[Opening INPUT DATA section]

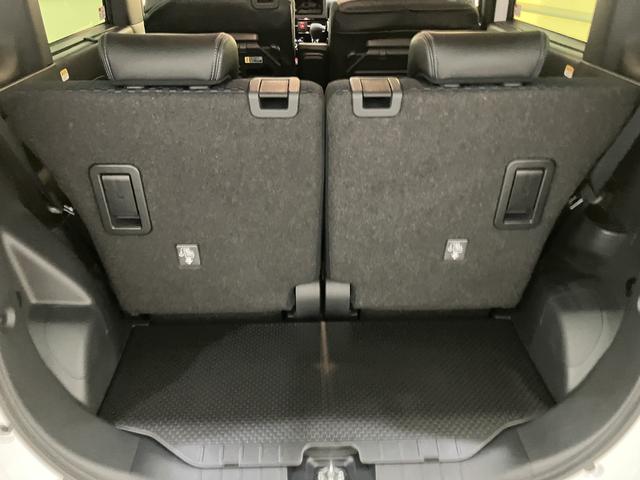 タントカスタムＸスマートキー　ＡＢＳ　アルミホイール　エアバック　キーフリ−（山口県）の中古車
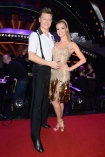 2014-03-21, Dancing with the Stars. Taniec z Gwiazdami n/z Rafal Brzozowski, Izabela Janachowska
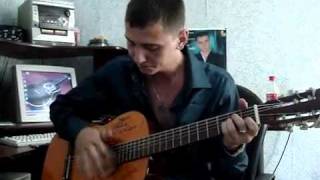 Ваня Воробей - Красный Беспредел
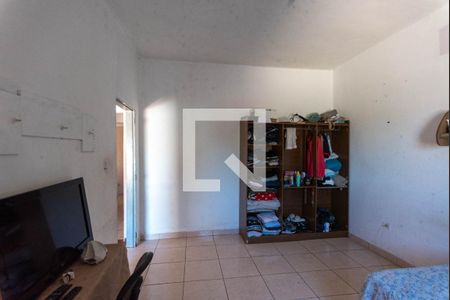 Quarto 1 de casa à venda com 2 quartos, 190m² em Vila Palacios, Campinas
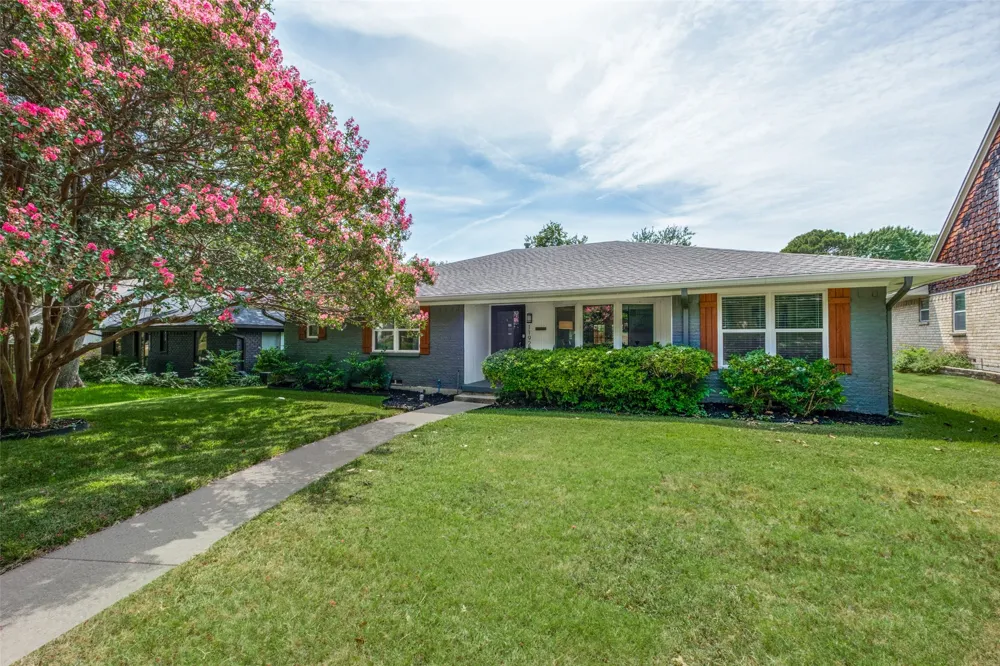 11925 Brookmeadow Lane Dallas, TX 75218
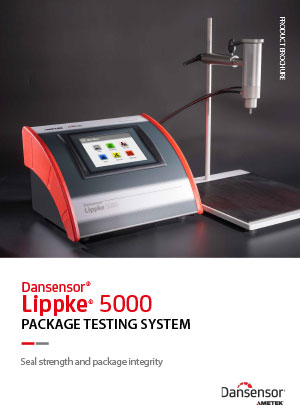 Lippke 5000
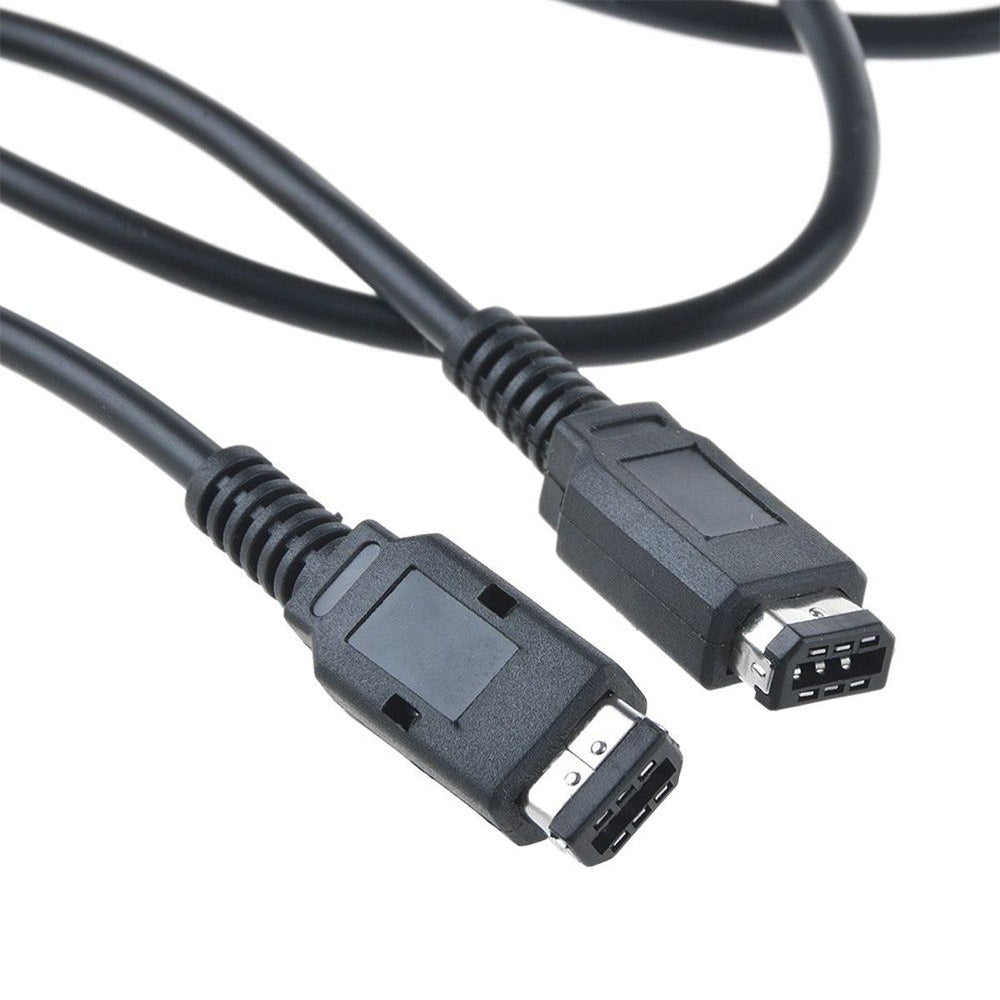 Gameboy Color Link Cable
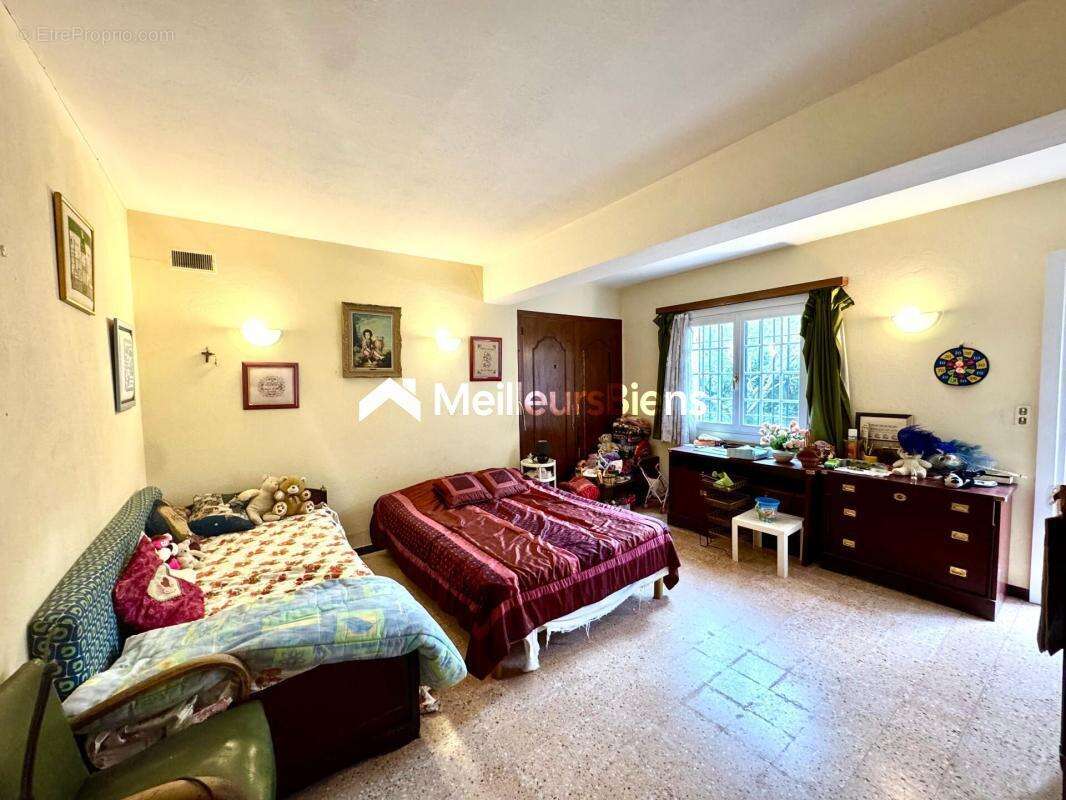 Maison à SAINT-RAPHAEL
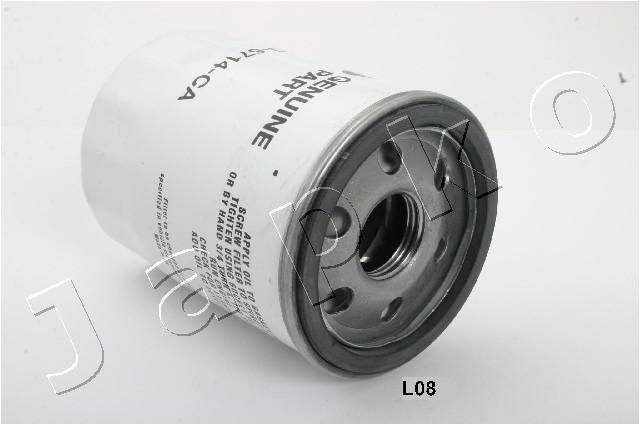Ölfilter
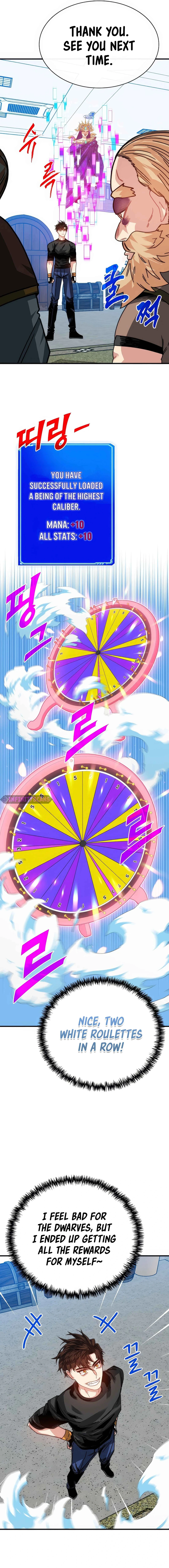Read SSS-Class Gacha Hunter EN Manga Online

[Closing INPUT DATA section]

### TASK DESCRIPTION
Exact reproduction of the entries above is required, with pictures excluded.

### ANSWER TO THE EXERCISE
 タントカスタムＸスマートキー　ＡＢＳ　アルミホイール　エアバック　キーフリ−（山口県）の中古車
 2014-03-21, Dancing with the Stars. Taniec z Gwiazdami n/z Rafal Brzozowski, Izabela Janachowska
 Ваня Воробей - Красный Беспредел
 Quarto 1 de casa à venda com 2 quartos, 190m² em Vila Palacios, Campinas
 11925 Brookmeadow Lane Dallas, TX 75218
 Lippke 5000
 Gameboy Color Link Cable
 Maison à SAINT-RAPHAEL
Ölfilter
Read SSS-Class Gacha Hunter EN Manga Online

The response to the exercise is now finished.